Would you please output the data exactly, omitting no line?

START The data

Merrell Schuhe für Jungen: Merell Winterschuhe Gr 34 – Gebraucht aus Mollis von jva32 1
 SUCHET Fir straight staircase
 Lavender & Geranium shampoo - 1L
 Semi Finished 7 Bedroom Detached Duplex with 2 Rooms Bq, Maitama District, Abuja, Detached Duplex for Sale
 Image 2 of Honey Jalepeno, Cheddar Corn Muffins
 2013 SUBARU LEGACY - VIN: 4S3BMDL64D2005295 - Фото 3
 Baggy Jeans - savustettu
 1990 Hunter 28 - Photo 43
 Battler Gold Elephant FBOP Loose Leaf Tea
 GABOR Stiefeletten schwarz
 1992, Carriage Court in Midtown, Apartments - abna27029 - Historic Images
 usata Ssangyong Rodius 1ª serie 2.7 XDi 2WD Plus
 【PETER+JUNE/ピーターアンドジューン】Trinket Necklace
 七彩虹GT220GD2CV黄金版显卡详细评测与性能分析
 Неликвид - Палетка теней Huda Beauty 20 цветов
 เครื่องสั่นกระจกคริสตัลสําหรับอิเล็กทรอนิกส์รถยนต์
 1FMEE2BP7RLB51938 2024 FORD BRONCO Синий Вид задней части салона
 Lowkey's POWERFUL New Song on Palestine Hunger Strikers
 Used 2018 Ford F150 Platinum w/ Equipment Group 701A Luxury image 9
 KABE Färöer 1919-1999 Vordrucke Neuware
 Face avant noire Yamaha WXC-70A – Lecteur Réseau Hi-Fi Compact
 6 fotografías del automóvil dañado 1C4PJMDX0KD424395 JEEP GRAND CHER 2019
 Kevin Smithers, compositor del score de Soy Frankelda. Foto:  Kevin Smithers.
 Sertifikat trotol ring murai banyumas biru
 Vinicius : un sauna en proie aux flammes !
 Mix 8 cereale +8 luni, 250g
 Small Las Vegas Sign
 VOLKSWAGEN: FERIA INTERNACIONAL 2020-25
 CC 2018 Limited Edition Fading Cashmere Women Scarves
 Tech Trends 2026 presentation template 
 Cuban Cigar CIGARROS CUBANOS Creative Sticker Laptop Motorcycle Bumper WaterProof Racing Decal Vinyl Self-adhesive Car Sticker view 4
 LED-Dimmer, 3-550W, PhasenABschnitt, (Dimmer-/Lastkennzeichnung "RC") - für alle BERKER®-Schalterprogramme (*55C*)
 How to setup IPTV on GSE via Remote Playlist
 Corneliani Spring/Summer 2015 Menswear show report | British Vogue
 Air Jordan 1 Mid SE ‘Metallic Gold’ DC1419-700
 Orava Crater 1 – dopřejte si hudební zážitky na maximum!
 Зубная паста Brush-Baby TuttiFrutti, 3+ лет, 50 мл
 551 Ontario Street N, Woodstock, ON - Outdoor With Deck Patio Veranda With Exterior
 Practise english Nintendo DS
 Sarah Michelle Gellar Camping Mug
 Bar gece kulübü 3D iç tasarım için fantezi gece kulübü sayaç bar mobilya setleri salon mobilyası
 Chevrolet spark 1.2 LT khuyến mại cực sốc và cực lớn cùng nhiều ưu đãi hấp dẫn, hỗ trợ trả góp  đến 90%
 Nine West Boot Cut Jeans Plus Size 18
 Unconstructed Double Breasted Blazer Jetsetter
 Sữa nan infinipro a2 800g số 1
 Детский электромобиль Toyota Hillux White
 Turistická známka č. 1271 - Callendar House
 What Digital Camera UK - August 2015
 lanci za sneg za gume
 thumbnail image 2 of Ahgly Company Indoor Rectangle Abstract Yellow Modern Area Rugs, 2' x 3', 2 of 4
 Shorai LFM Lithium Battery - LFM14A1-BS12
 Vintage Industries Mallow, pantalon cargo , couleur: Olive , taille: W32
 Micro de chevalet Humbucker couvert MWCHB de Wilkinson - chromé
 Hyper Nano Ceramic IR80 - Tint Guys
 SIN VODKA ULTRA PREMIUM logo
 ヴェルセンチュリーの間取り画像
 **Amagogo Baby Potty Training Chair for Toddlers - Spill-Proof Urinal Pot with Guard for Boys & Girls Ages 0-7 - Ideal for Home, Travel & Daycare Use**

END The data

■ **Solution for this problem**:
Merrell Schuhe für Jungen: Merell Winterschuhe Gr 34 – Gebraucht aus Mollis von jva32 1
 SUCHET Fir straight staircase
 Lavender & Geranium shampoo - 1L
 Semi Finished 7 Bedroom Detached Duplex with 2 Rooms Bq, Maitama District, Abuja, Detached Duplex for Sale
 Image 2 of Honey Jalepeno, Cheddar Corn Muffins
 2013 SUBARU LEGACY - VIN: 4S3BMDL64D2005295 - Фото 3
 Baggy Jeans - savustettu
 1990 Hunter 28 - Photo 43
 Battler Gold Elephant FBOP Loose Leaf Tea
 GABOR Stiefeletten schwarz
 1992, Carriage Court in Midtown, Apartments - abna27029 - Historic Images
 usata Ssangyong Rodius 1ª serie 2.7 XDi 2WD Plus
 【PETER+JUNE/ピーターアンドジューン】Trinket Necklace
 七彩虹GT220GD2CV黄金版显卡详细评测与性能分析
 Неликвид - Палетка теней Huda Beauty 20 цветов
 เครื่องสั่นกระจกคริสตัลสําหรับอิเล็กทรอนิกส์รถยนต์
 1FMEE2BP7RLB51938 2024 FORD BRONCO Синий Вид задней части салона
 Lowkey's POWERFUL New Song on Palestine Hunger Strikers
 Used 2018 Ford F150 Platinum w/ Equipment Group 701A Luxury image 9
 KABE Färöer 1919-1999 Vordrucke Neuware
 Face avant noire Yamaha WXC-70A – Lecteur Réseau Hi-Fi Compact
 6 fotografías del automóvil dañado 1C4PJMDX0KD424395 JEEP GRAND CHER 2019
 Kevin Smithers, compositor del score de Soy Frankelda. Foto:  Kevin Smithers.
 Sertifikat trotol ring murai banyumas biru
 Vinicius : un sauna en proie aux flammes !
 Mix 8 cereale +8 luni, 250g
 Small Las Vegas Sign
 VOLKSWAGEN: FERIA INTERNACIONAL 2020-25
 CC 2018 Limited Edition Fading Cashmere Women Scarves
 Tech Trends 2026 presentation template 
 Cuban Cigar CIGARROS CUBANOS Creative Sticker Laptop Motorcycle Bumper WaterProof Racing Decal Vinyl Self-adhesive Car Sticker view 4
 LED-Dimmer, 3-550W, PhasenABschnitt, (Dimmer-/Lastkennzeichnung "RC") - für alle BERKER®-Schalterprogramme (*55C*)
 How to setup IPTV on GSE via Remote Playlist
 Corneliani Spring/Summer 2015 Menswear show report | British Vogue
 Air Jordan 1 Mid SE ‘Metallic Gold’ DC1419-700
 Orava Crater 1 – dopřejte si hudební zážitky na maximum!
 Зубная паста Brush-Baby TuttiFrutti, 3+ лет, 50 мл
 551 Ontario Street N, Woodstock, ON - Outdoor With Deck Patio Veranda With Exterior
 Practise english Nintendo DS
 Sarah Michelle Gellar Camping Mug
 Bar gece kulübü 3D iç tasarım için fantezi gece kulübü sayaç bar mobilya setleri salon mobilyası
 Chevrolet spark 1.2 LT khuyến mại cực sốc và cực lớn cùng nhiều ưu đãi hấp dẫn, hỗ trợ trả góp  đến 90%
 Nine West Boot Cut Jeans Plus Size 18
 Unconstructed Double Breasted Blazer Jetsetter
 Sữa nan infinipro a2 800g số 1
 Детский электромобиль Toyota Hillux White
 Turistická známka č. 1271 - Callendar House
 What Digital Camera UK - August 2015
 lanci za sneg za gume
 thumbnail image 2 of Ahgly Company Indoor Rectangle Abstract Yellow Modern Area Rugs, 2' x 3', 2 of 4
 Shorai LFM Lithium Battery - LFM14A1-BS12
 Vintage Industries Mallow, pantalon cargo , couleur: Olive , taille: W32
 Micro de chevalet Humbucker couvert MWCHB de Wilkinson - chromé
 Hyper Nano Ceramic IR80 - Tint Guys
 SIN VODKA ULTRA PREMIUM logo
 ヴェルセンチュリーの間取り画像
 **Amagogo Baby Potty Training Chair for Toddlers - Spill-Proof Urinal Pot with Guard for Boys & Girls Ages 0-7 - Ideal for Home, Travel & Daycare Use**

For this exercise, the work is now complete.